When Republicans and Democrats describe each other’s budgets, a person could be forgiven for thinking the plans are as far apart as possible.
Republicans say putting the budget into balance by 2023 is necessary to help get the economy on track, with spending reductions alone and not raising taxes. Democrats say the cuts would hurt growth and instead want to stabilize the deficit in proportion to the size of the economy.
Not long ago -- and seemingly forgotten in the current debate about spending programs and tax reform -- Republicans said the deficits under George W. Bush were sustainable and in proportion to the size of the economy, while Democrats criticized Republicans and Bush for not reducing the deficit more quickly, Bloomberg BNA reported.
With the deficit-to-GDP ratio in fiscal 2012 at 7.0 percent, the switch in tone begs the question: Have times changed or have only the political winds shifted, reflecting the difference in control of the White House?

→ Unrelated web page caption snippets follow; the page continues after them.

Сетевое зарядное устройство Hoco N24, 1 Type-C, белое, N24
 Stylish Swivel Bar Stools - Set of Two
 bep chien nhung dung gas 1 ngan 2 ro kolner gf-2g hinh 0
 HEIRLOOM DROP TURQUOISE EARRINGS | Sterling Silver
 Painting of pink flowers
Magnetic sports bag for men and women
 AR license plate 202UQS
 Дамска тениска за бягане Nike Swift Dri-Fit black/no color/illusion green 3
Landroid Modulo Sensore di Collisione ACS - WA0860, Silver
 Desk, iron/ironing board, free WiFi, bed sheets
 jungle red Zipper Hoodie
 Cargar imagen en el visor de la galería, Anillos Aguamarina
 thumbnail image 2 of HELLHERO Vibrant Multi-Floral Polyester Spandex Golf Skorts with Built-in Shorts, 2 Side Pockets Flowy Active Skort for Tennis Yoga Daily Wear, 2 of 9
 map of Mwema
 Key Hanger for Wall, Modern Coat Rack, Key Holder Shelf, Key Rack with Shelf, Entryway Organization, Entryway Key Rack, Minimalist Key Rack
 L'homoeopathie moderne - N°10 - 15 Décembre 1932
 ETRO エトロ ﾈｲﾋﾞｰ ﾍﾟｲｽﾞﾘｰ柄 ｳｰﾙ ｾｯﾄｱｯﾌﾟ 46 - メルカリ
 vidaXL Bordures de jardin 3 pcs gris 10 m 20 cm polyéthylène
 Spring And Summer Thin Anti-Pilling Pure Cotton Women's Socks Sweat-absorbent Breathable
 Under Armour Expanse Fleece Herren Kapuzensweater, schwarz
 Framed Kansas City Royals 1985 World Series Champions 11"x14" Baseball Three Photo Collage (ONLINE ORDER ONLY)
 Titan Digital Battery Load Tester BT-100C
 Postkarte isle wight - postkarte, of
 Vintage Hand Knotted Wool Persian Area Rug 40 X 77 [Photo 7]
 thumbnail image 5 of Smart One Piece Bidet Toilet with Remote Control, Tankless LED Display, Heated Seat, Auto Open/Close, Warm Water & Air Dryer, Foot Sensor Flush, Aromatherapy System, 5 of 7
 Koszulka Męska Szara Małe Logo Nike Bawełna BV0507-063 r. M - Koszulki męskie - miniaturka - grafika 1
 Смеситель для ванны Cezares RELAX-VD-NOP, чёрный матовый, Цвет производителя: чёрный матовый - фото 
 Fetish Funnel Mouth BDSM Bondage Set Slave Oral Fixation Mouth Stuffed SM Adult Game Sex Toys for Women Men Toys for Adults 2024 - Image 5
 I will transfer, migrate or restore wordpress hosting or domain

In July 2006, the Bush administration released its mid- session review, projecting a deficit of $296 billion, or 2.3 percent of gross domestic product, for fiscal 2006.
That was less than a prior forecast from February of $423 billion, or 3.2 percent of GDP. Officials called the new ratio “significantly lower” and a sign of progress.
“The deficit-to-GDP ratio measures the size of the deficit in relation to the economy as a whole and permits meaningful comparisons of deficits over time. The 2.3 percent deficit-to- GDP ratio would be the lowest ratio since 2002 and in line with the 40-year average of 2.3 percent,” the Bush Office of Management and Budget said.
Then-House Majority Leader John Boehner said in a statement, “Today’s announcement is another clear signal that Republicans are making real progress on behalf of American taxpayers to reduce and eventually eliminate our deficit.” He also noted the deficit-to-GDP measure as being “equal to the historical average.”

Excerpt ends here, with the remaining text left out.